The King of Pigs opens as the bespectacled failed businessman Kyung-min, having apparently just strangled his wife in their high-rise city apartment, gets a phone call from a detective who has tracked down his childhood friend Jong-suk. A wife-beating failed writer, Jong-suk agrees to meet Kyung-min after 15 years in which they have had no contact. Their conversation in a restaurant leads to a number of flashbacks to their school years and the bullying they endured at the hands of older, richer boys. The animal metaphor of the title is used to describe the vicious hierarchical organisation of the school, and by extension, of Korean society: the ‘dogs’ are the boys from well-off families who rule the school and persecute the ‘pigs’, who come from poorer or less respectable backgrounds.

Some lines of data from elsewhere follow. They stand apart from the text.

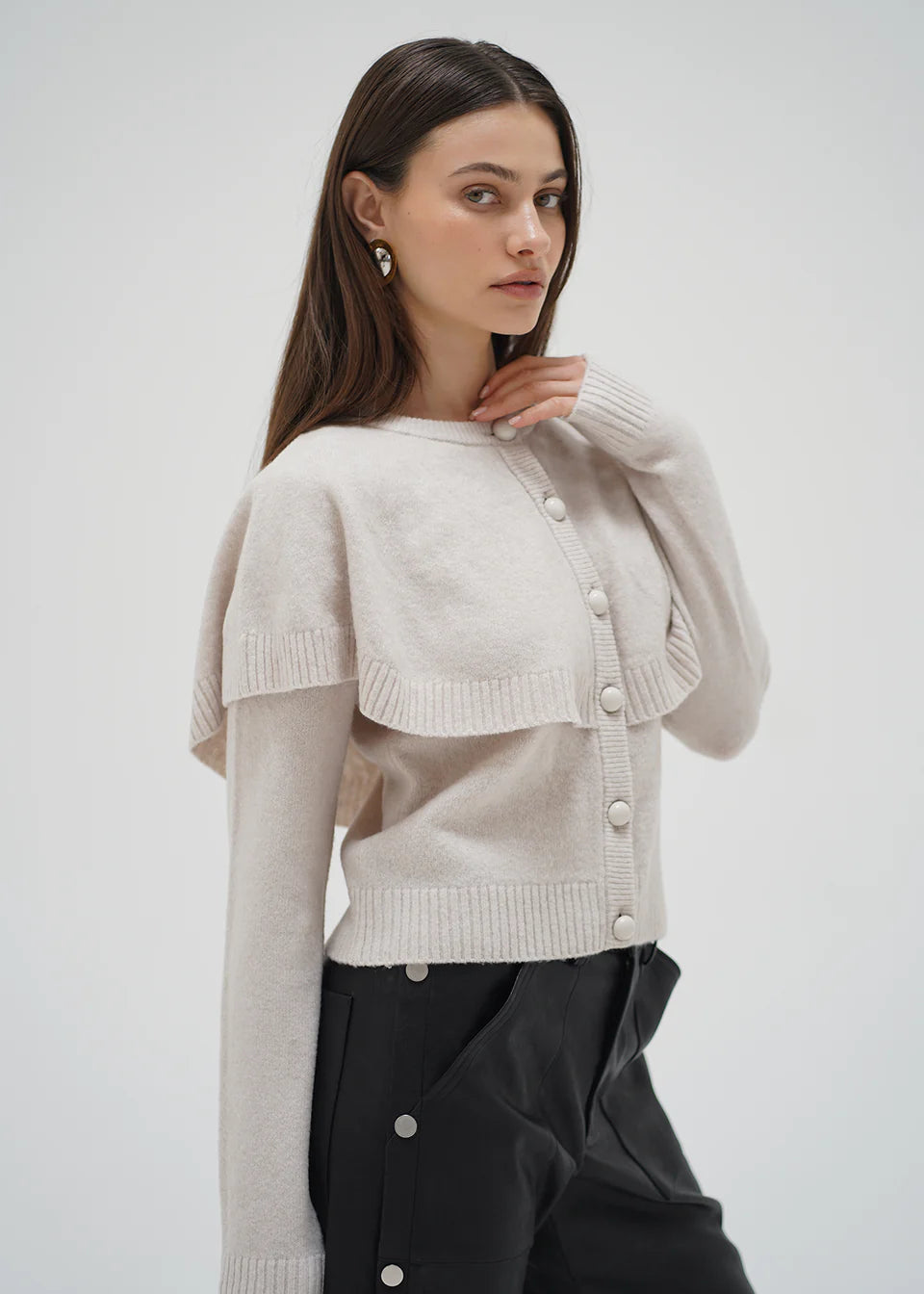 Woman wearing a beige cardigan over a black outfit on a white background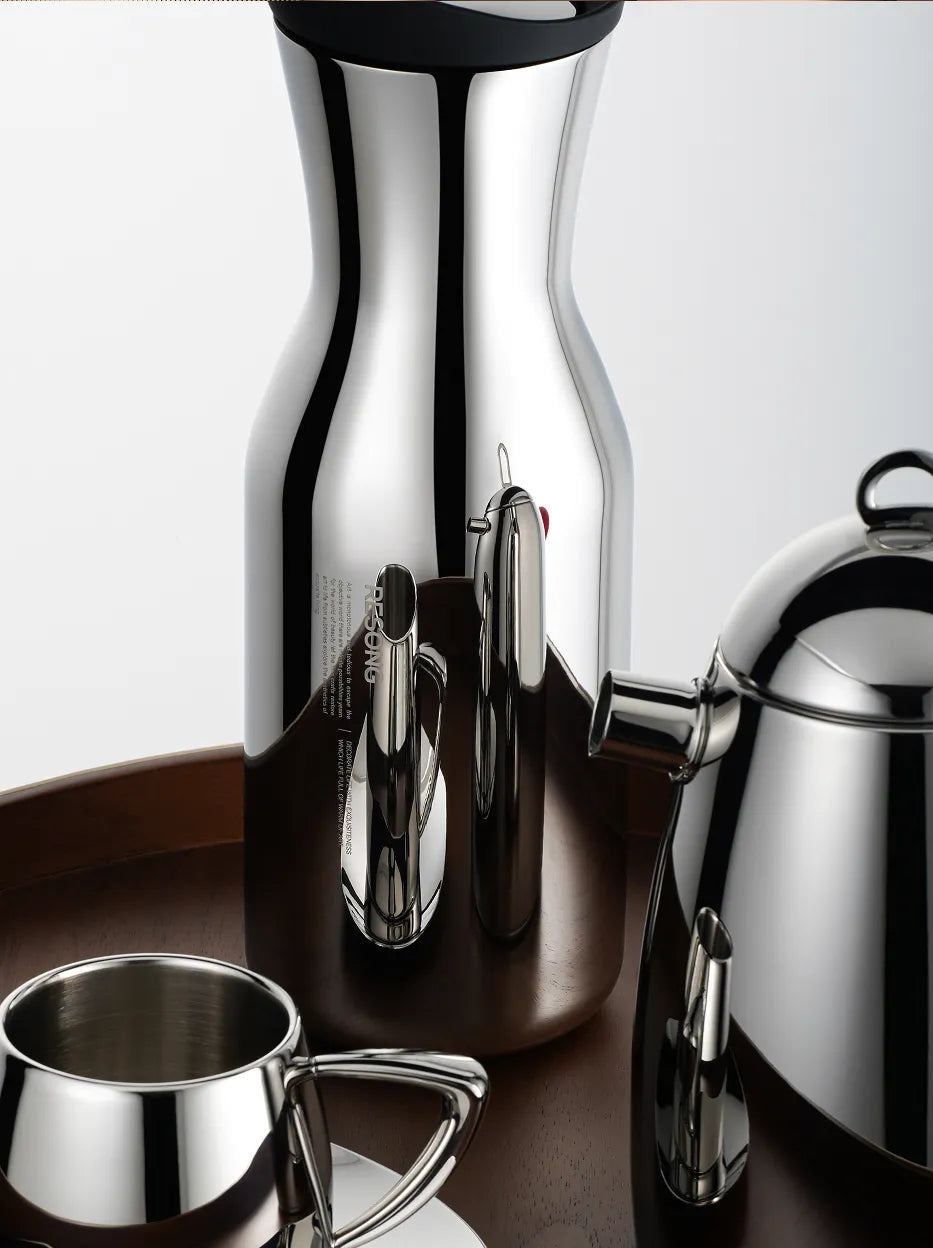 Official close-up image of the RESONG SHEDI Water Carafe, highlighting its mirror-polished stainless steel finish and sculptural contemporary design.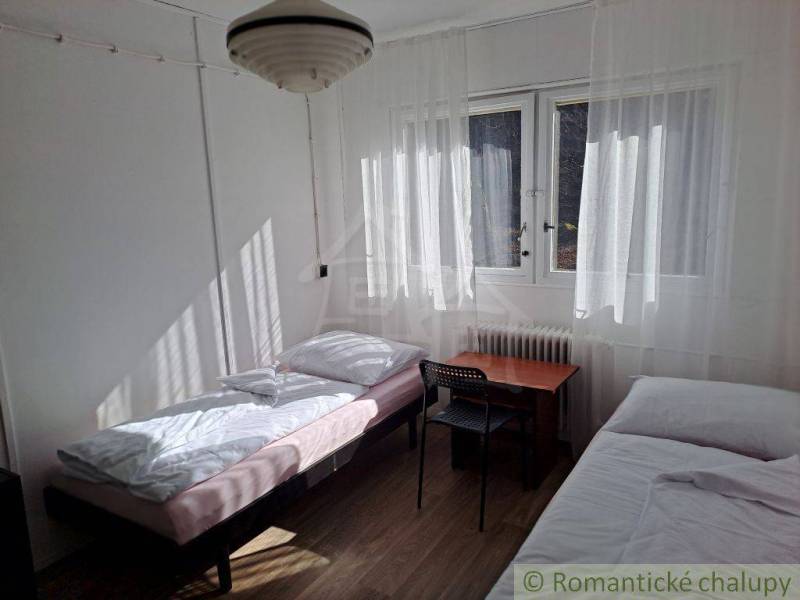 A simple room with two beds, a table, windows, and commercial spaces next door.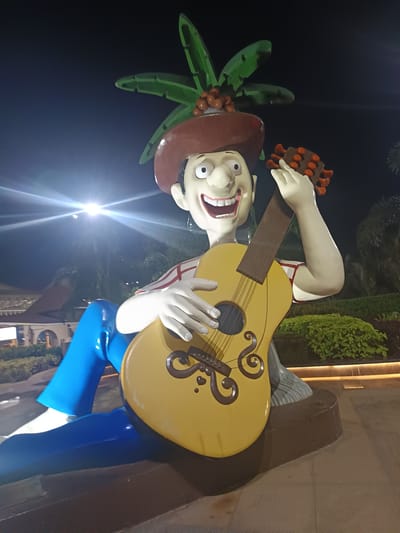 A large, colorful statue of a cartoon-like man playing a guitar is prominently featured at night in Kasarvarne, India. The statue depicts a fair-skinned man with exaggerated features, including a wide smile showing teeth, a large nose, and big eyes. He wears a brown hat adorned with green palm fronds and reddish-brown coconuts, a red and white horizontally striped shirt, and bright blue pants. His left hand is positioned on the neck of the yellow acoustic guitar, which has decorative brown swirl patterns and what appear to be brown frets or markers on the neck. His right hand rests on the body of the guitar as if strumming.

The statue is seated on a brown, low platform or base. In the background, the scene is dark, indicating nighttime. Bright artificial lights, possibly streetlights, cast a strong glare, illuminating parts of the statue and creating lens flares. Behind the statue, lush green bushes and trees are visible, along with parts of a building featuring arched structures, suggesting a public area, possibly a resort or park. The overall impression is cheerful and lively, consistent with the statue's grinning expression and musical theme. No visible text is present in the image.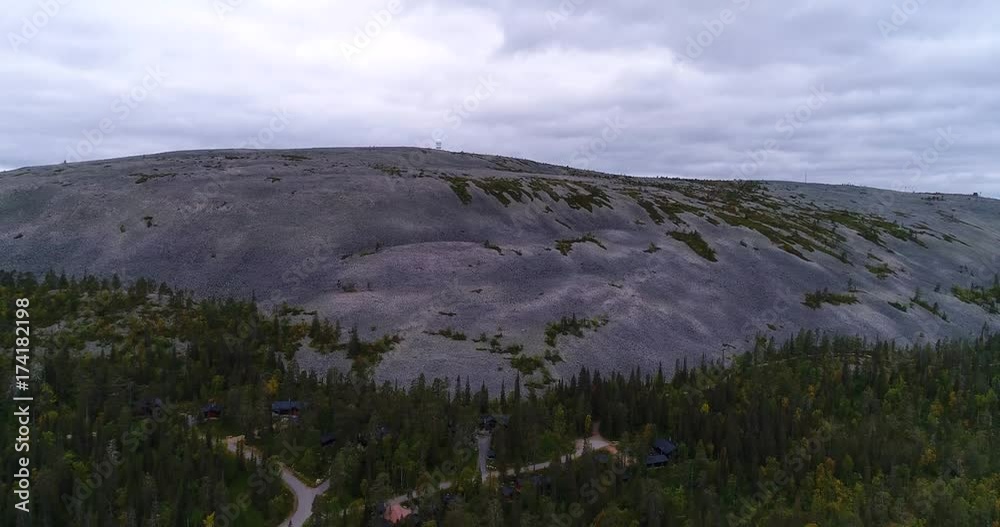 Tunturi mountain, Cinema 4k aerial rising view of luostotunturi fell fjeld, in pyha-luosto national park in Lapland, on a cloudy autumn day, in Lappi, Finland
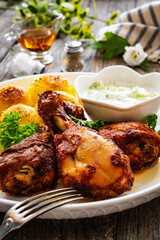 Roasted chicken drumsticks with fried potato and cucumbers in cream on wooden table

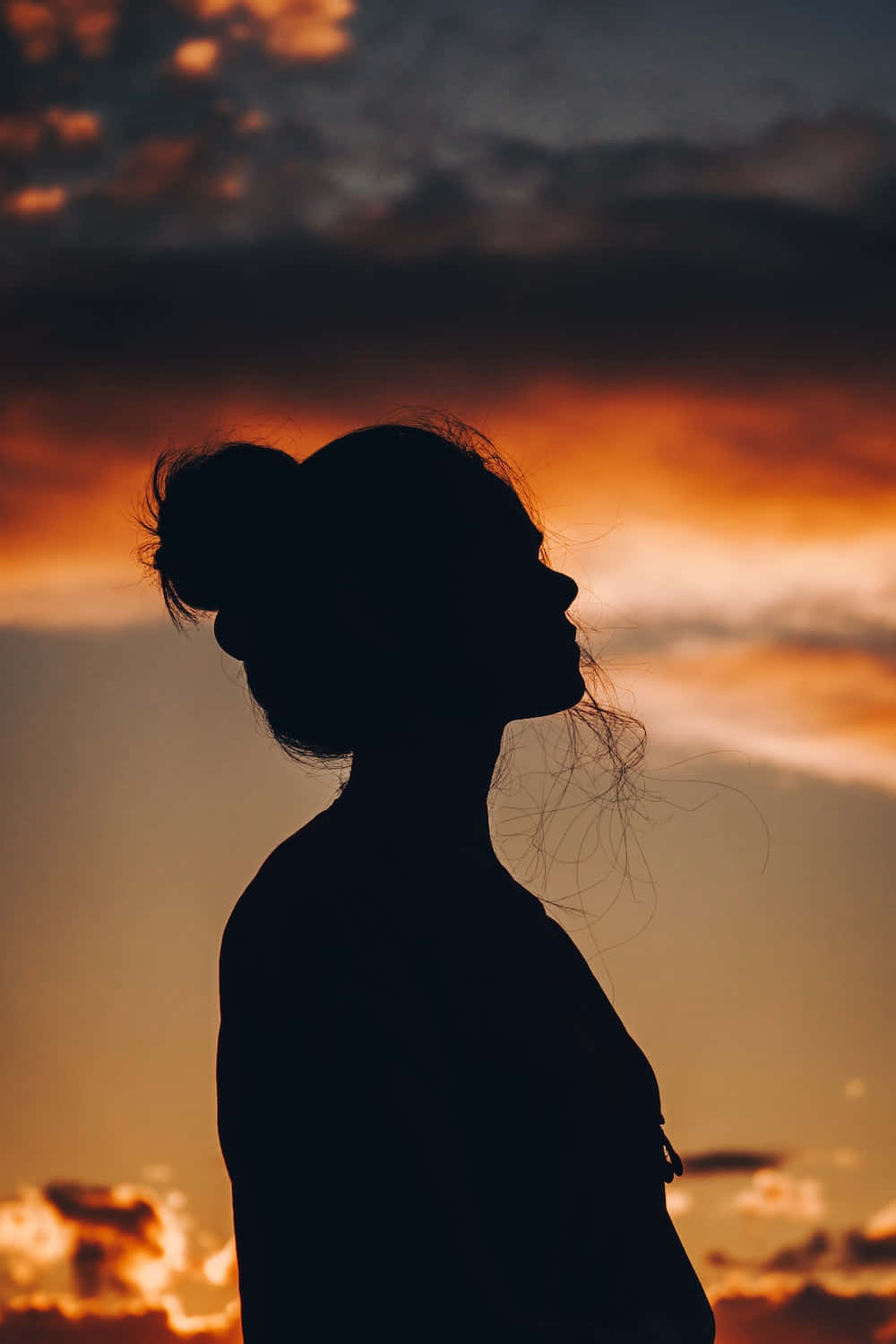 欣賞日落時分 壁紙 — 一個頭髮盤成髮髻的女人的剪影，在熾熱的橙色和紫色日落天空下向上凝望。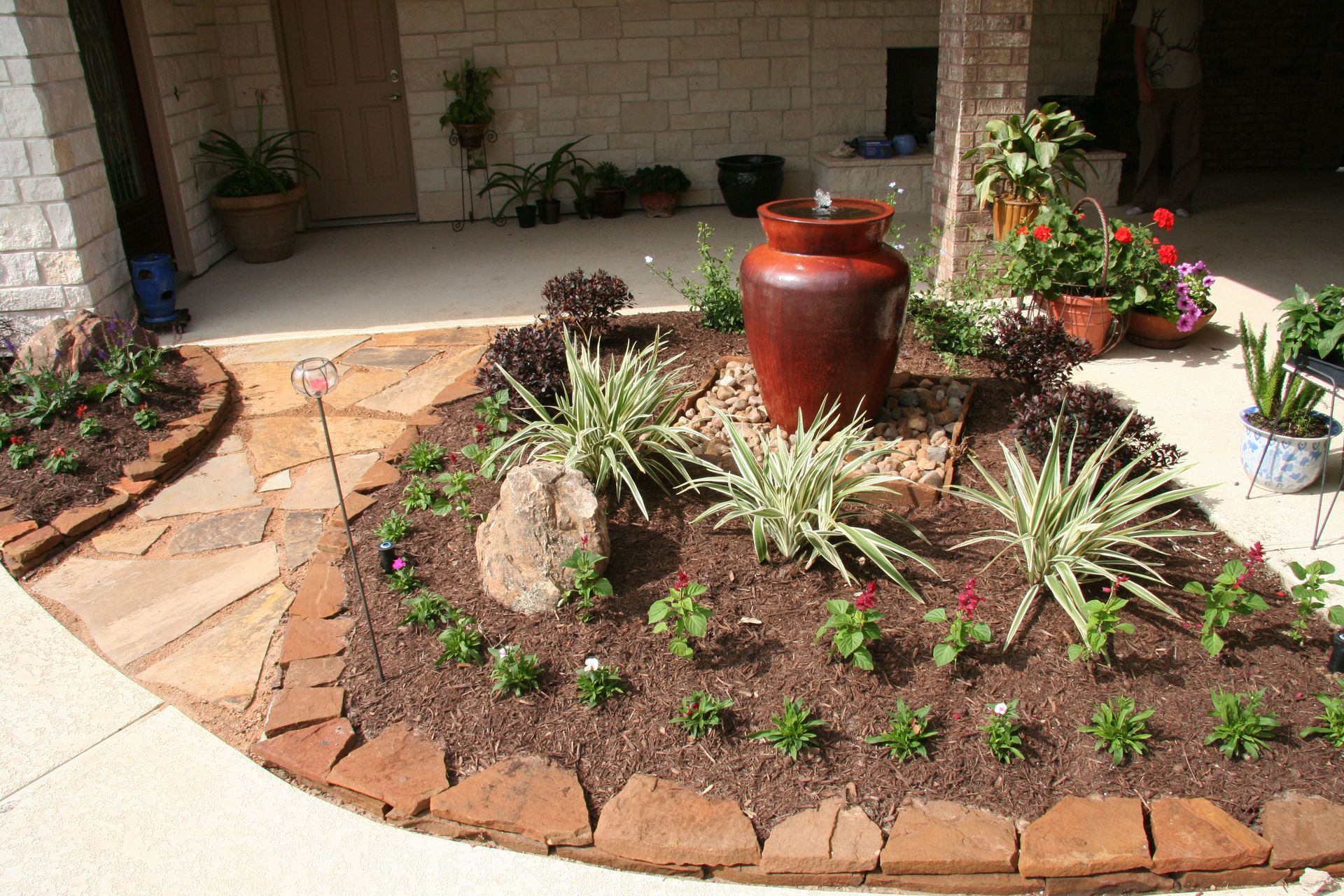 Front yard garden bed with red pottery, succulents, and brick edging against a house patio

But this seemingly unchangeable brutal order is challenged when a boy called Chul comes to the defence of Kyung-min. Chul is a true outsider and refuses to be bullied into submission. In one chilling scene, he tells the boys, ‘you need to be a monster if you don’t want to keep living like a loser’. When he beats up an older boy, he becomes ‘the king of pigs’. Soon, he has a plan to make sure the ‘dogs’ can never have happy memories of their school days. But as Chul realises the complexities of the adult world he does some growing up, even though Kyung-min and Jong-suk still desperately need him to remain a ‘monster’ and recklessly stand up to the bullies.
The animal metaphor is somewhat laboured and heavy-handed in places and this is not helped by the terrible quality of the subtitles. The low budget is apparent in the lack of sophistication of the animation, which is quite stilted and not very detailed. But this is compensated for by a very expressive colour scheme, from the oppressive dark blues and muted tones that dominate the film to the rare luminous pink skies that punctuate the gloom. Also notable are a number of hallucinatory sequences: boys with dogs’ heads, a murdered ghost cat spitting out sardonic comments, a glue-induced nightmarish vision.
The King of Pigs is an uncompromising, hopeless depiction of a society corrupted by the idea of success as money and the brutal upholding of the hierarchical order it creates. Despite its flaws, it is an intense, riveting, affecting drama that delivers a truly shocking conclusion.